One in seven people with HIV use strategies to cut their medication costs, and about 1 in 15 skip doses of their drugs as a means of saving money, according to a recent study.

Centers for Disease Control and Prevention researchers, led by epidemiologist Linda Beer, PhD, analyzed data from the 2016 to 2017 Medical Monitoring Project on nearly 4,000 people with HIV taking prescription drugs.

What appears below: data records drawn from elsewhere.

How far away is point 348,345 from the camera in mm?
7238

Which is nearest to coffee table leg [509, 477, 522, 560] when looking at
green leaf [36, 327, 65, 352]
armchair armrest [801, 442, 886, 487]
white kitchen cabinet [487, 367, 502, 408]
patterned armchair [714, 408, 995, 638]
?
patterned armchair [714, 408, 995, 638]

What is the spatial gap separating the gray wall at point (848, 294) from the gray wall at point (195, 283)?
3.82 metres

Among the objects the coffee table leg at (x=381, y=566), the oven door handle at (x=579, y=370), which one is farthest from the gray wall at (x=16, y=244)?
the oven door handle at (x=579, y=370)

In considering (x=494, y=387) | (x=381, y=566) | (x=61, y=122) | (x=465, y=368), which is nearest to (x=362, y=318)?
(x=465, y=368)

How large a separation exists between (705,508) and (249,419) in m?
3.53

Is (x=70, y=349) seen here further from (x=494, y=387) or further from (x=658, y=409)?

The study considered six cost-saving strategies people might have used over the previous 12 months related to any type of prescription drug. These included asking a doctor for a lower-cost medication, buying prescription drugs from another country, using alternative therapies, skipping doses, taking less medication and delaying filling a prescription because of cost.

Fourteen percent of U.S. adults living with HIV used any type of strategy to save on medication costs, and 7% reported nonadherence related to cutting costs.

Among those reporting cost-related nonadherence, 64% had a fully suppressed viral load at their last test, and 55% did so at all their tests during the previous 12 months, compared with a respective 76% and 68% of those who did not report nonadherence related to cost.

“Reducing barriers to the Ryan White AIDS Drug Assistance Program and Medicaid coverage, in addition to reducing medication costs for people with private insurance, might help to increase adherence to [antiretroviral treatment] due to cost concerns,” says Beer. “This could contribute to improved viral suppression rates and other health outcomes for people with HIV.”